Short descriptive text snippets
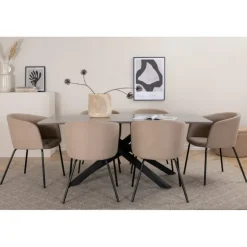 Piazza t Spisebordssæt - Beige og Sort og Grå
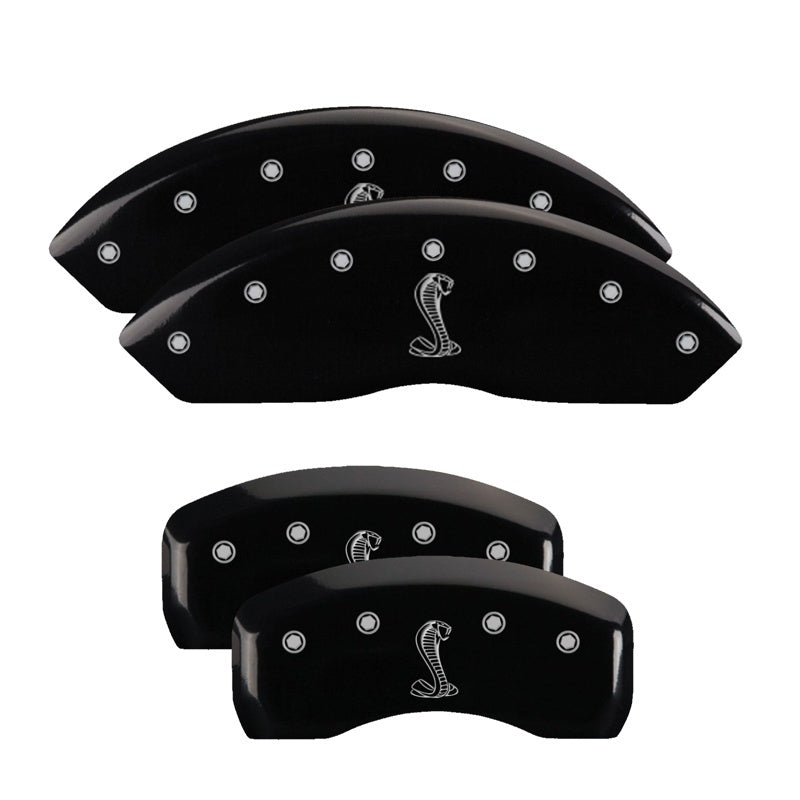 Load image into Gallery viewer, MGP 4 Caliper Covers Engraved Front &amp; Rear Tiffany Snake Black finish silver ch

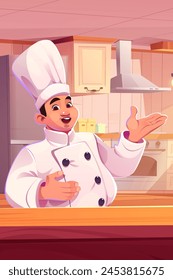 Chef in uniform and hat on kitchen. Cartoon vector illustration of Asian man cooker with welcome or demonstrate hand gesture. Restaurant professional male cook master. Funny comic culinary mascot.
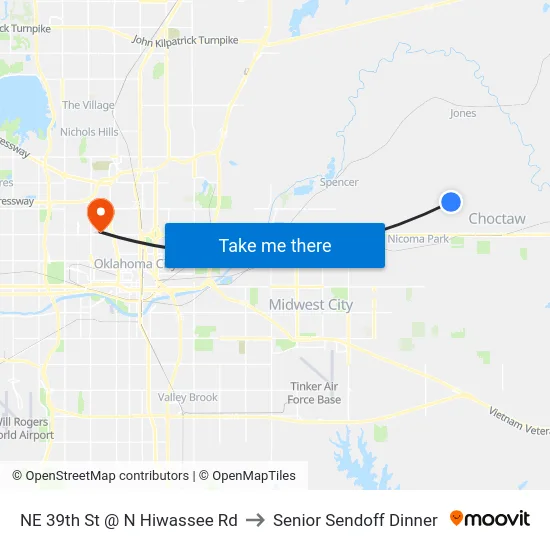 NE 39th St @ N Hiwassee Rd to Senior Sendoff Dinner map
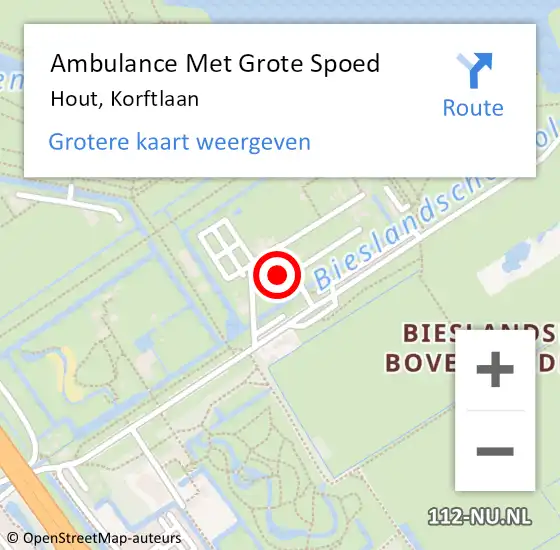 Locatie op kaart van de 112 melding: Ambulance Met Grote Spoed Naar Hout, Korftlaan op 13 december 2013 21:50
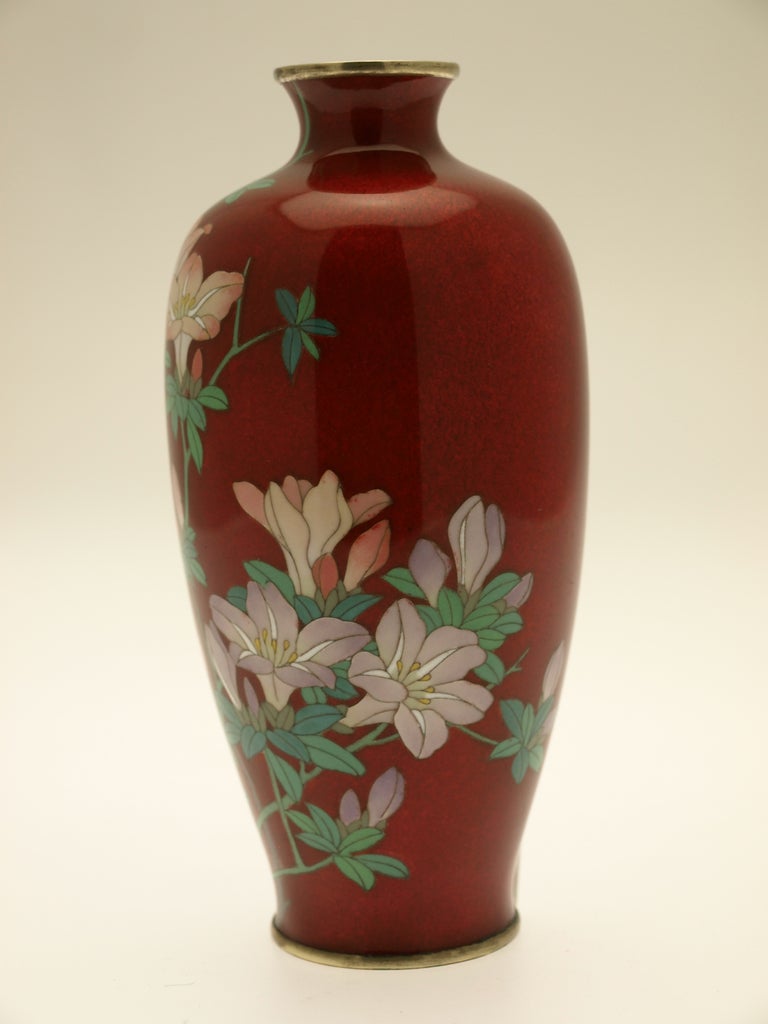 This nice Japanese cloisonné is decorated with flowers on a translucent red ground.  Signed Tsukamoto Hikokichi.  Japan, Meiji Period, circa 1900.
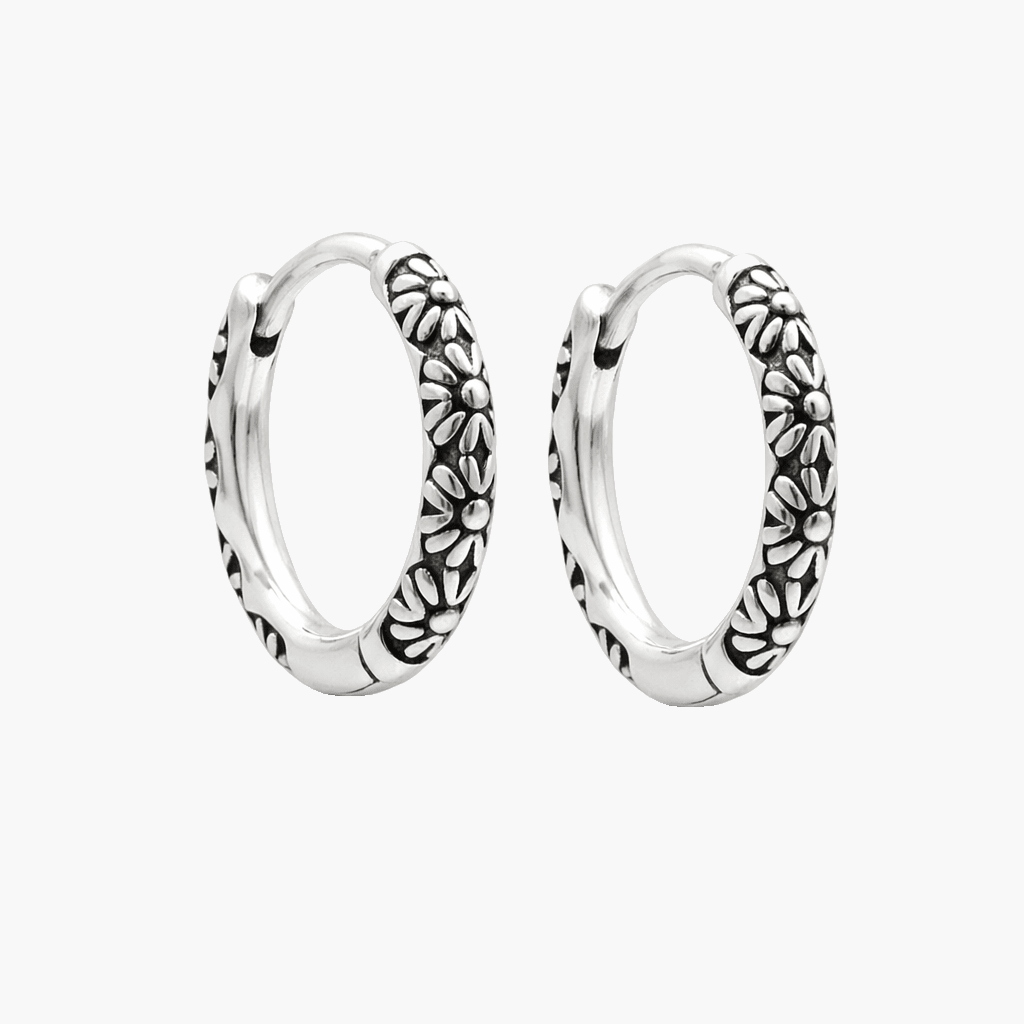 Floral Sterling Silver Earring-Earring-Kompsós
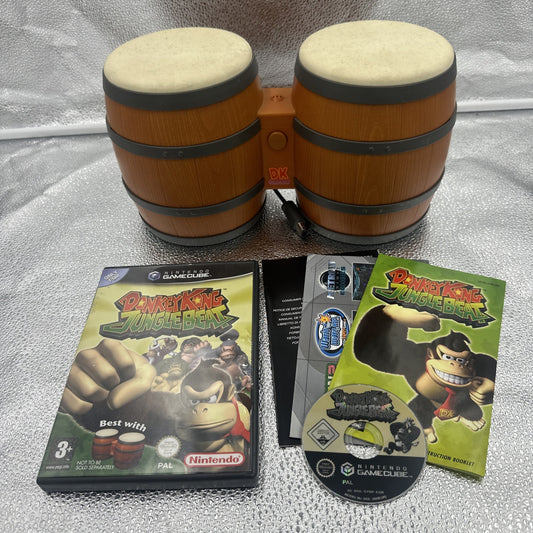 Donkey Kong Jungle Beat • Nintendo GameCube Game + Bongos Drums Controller PAL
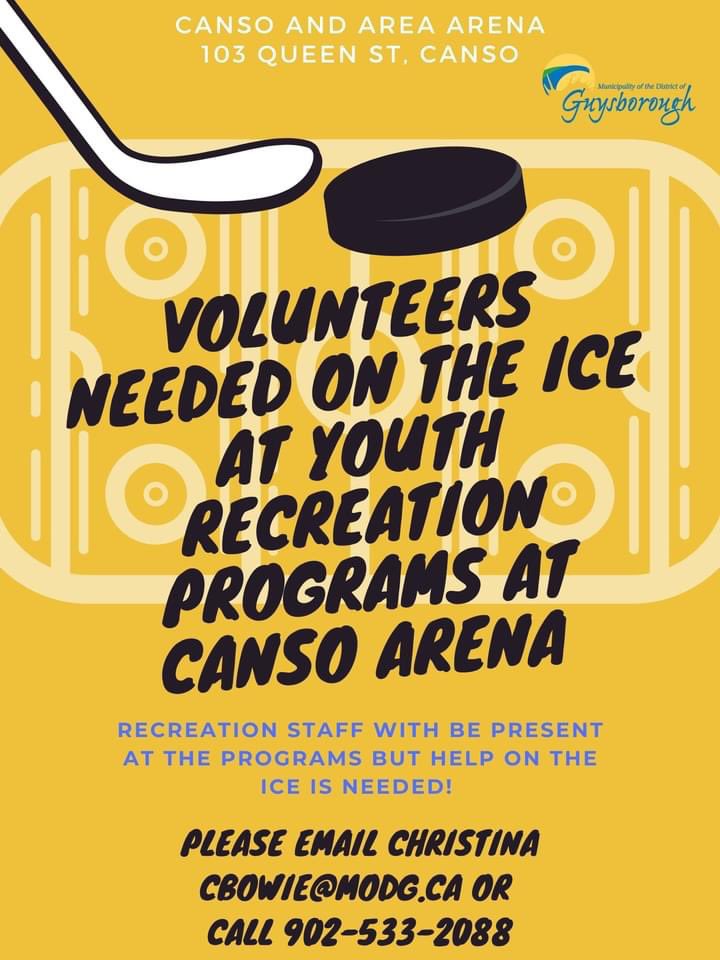 modgrec's tweet photo. Volunteers needed for some youth drop in programs at the Canso Arena! Proof of vaccinations is required. #ontheice #modgrec #community #helpingyouthgetactive https://t.co/mGGYzsrTAK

Work to complete | Could you output exactly the lines above, from the line with "Chef in uniform" up to and including the line with "NE 39th St @", and nothing else, skipping the pictures?

Exercise output |
 Chef in uniform and hat on kitchen. Cartoon vector illustration of Asian man cooker with welcome or demonstrate hand gesture. Restaurant professional male cook master. Funny comic culinary mascot.
 NE 39th St @ N Hiwassee Rd to Senior Sendoff Dinner map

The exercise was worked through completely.